To investigate the potential mechanisms of action of secreted proteins in CRS4, we utilized the STRING database to examine the interactions between CKD-related secreted proteins and CHF key genes. Using the MCODE plugin, three significant clusters comprising a total of 81 genes were identified as potential CRS4-related pathogenic genes. Gene Ontology (GO) enrichment analysis of these CRS4-related pathogenic genes revealed that biological processes (BP) such as “cellular response to cytokine stimulus” and “extracellular matrix organization” were among the top-ranked entries (Fig. 4A). Moreover, molecular function (MF) analysis indicated strong associations between the pathogenic genes and functions like “cytokine activity” and “endopeptidase activity” (Fig. 4A). KEGG pathway analysis demonstrated a robust correlation between CRS4-related pathogenic genes and key pathways, including the “renin-angiotensin system” and “hypertrophic cardiomyopathy” (Fig. 4B). Additionally, these genes were found to be enriched in several metabolic pathways, such as “arachidonic acid metabolism,” “glutathione metabolism,” and “phenylalanine metabolism.”

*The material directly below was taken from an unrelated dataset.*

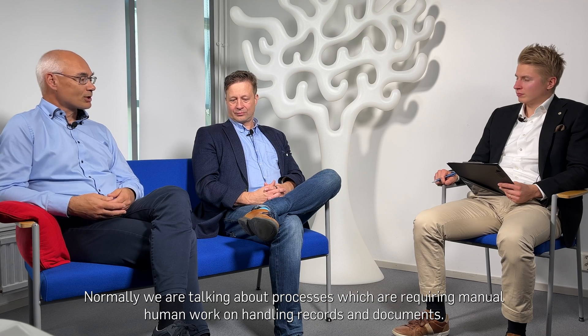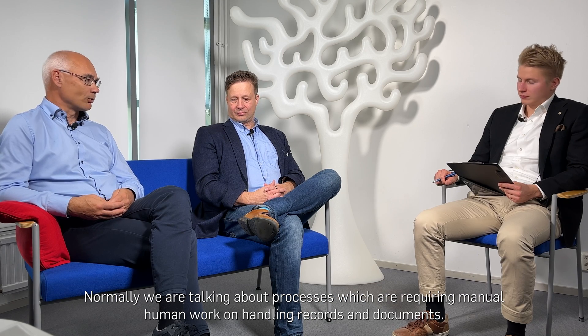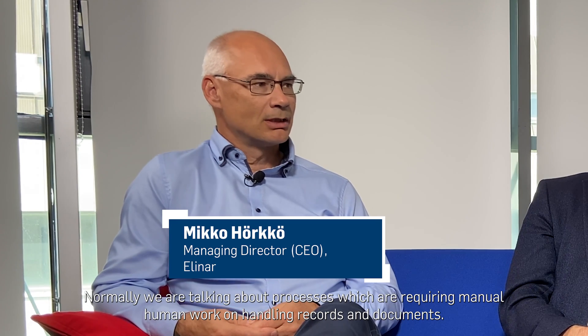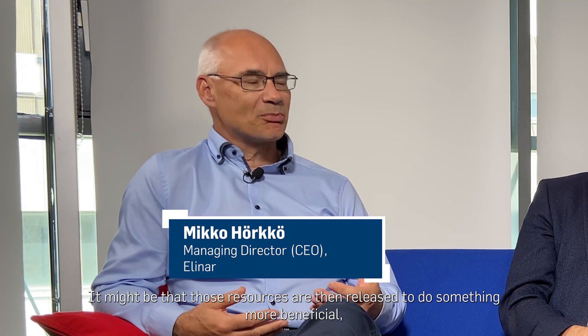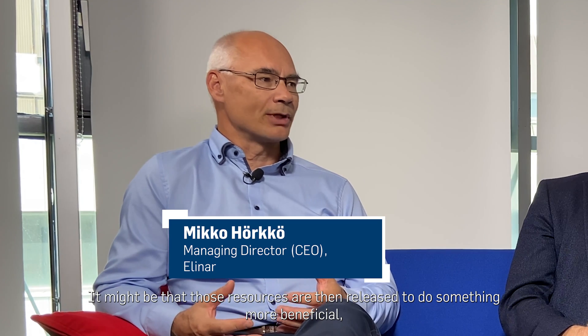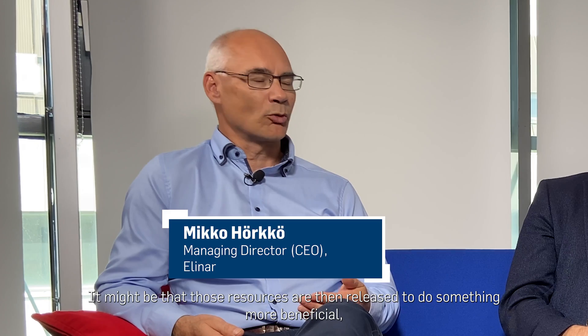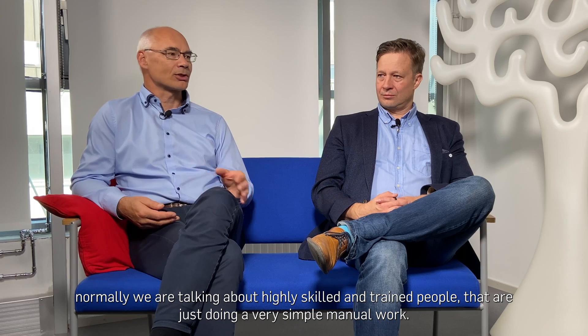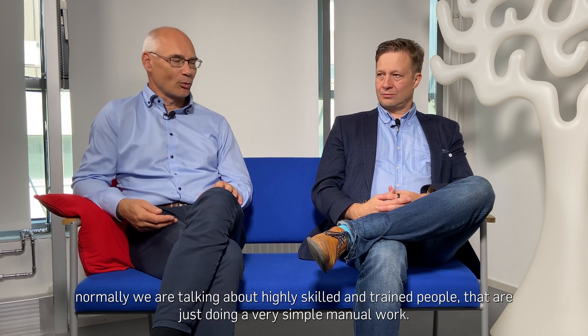Normally we are talking about processes which require manual human work on handling records and documents. It might be that those resources are then released to do something more beneficial. Normally we are talking about highly skilled and trained people that are just doing very simple manual work.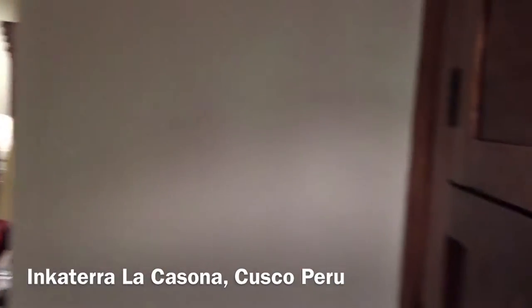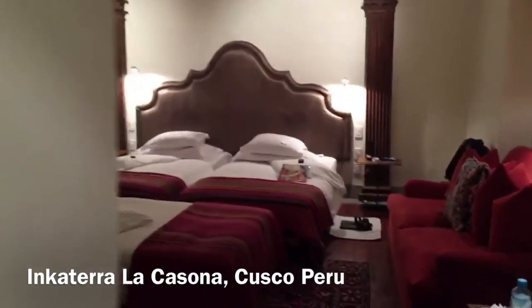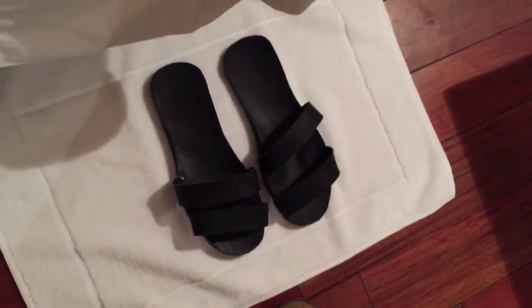All right guys, I don't usually do this but I'm gonna do a tour of the hotel room. This is in Cusco, and here we have the room fireplace — this is built in the 1500s. They left little presents for us on our bed, and they also gave us special shoes.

Furthermore, cMAP drug analysis identified the top 10 small molecule compounds capable of reversing the CRS4-related pathogenic genes’ expression, including dexamethasone, 3,3′-diindolylmethane, dimercaptosuccinic acid, voriconazole, dapsone, γ-homolinolenic acid, BRD-K97951054, orantinib, BRD-A61599461, and albendazole, which may serve as potential therapeutic agents for CRS4 (Fig. 4C). The targets or pathways affected by these small molecule compounds are depicted in Fig. 4D.

Fig. 4
figure 4

Functional enrichment, and drug screening for CRS4-related pathogenic genes. (A) The lollipop chart displays the results of the GO enrichment analysis, including the BP, CC, and MF terms associated with the CRS4-related pathogenic genes. (B) The circle diagram shows the pathways that are significantly enriched in the KEGG analysis for CRS4-related pathogenic genes. (C) Heatmap of the top 10 small-molecule drug enrichment fractions obtained by cMAP analysis. (D) The Sankey diagram presents the target descriptions of the top 10 drugs.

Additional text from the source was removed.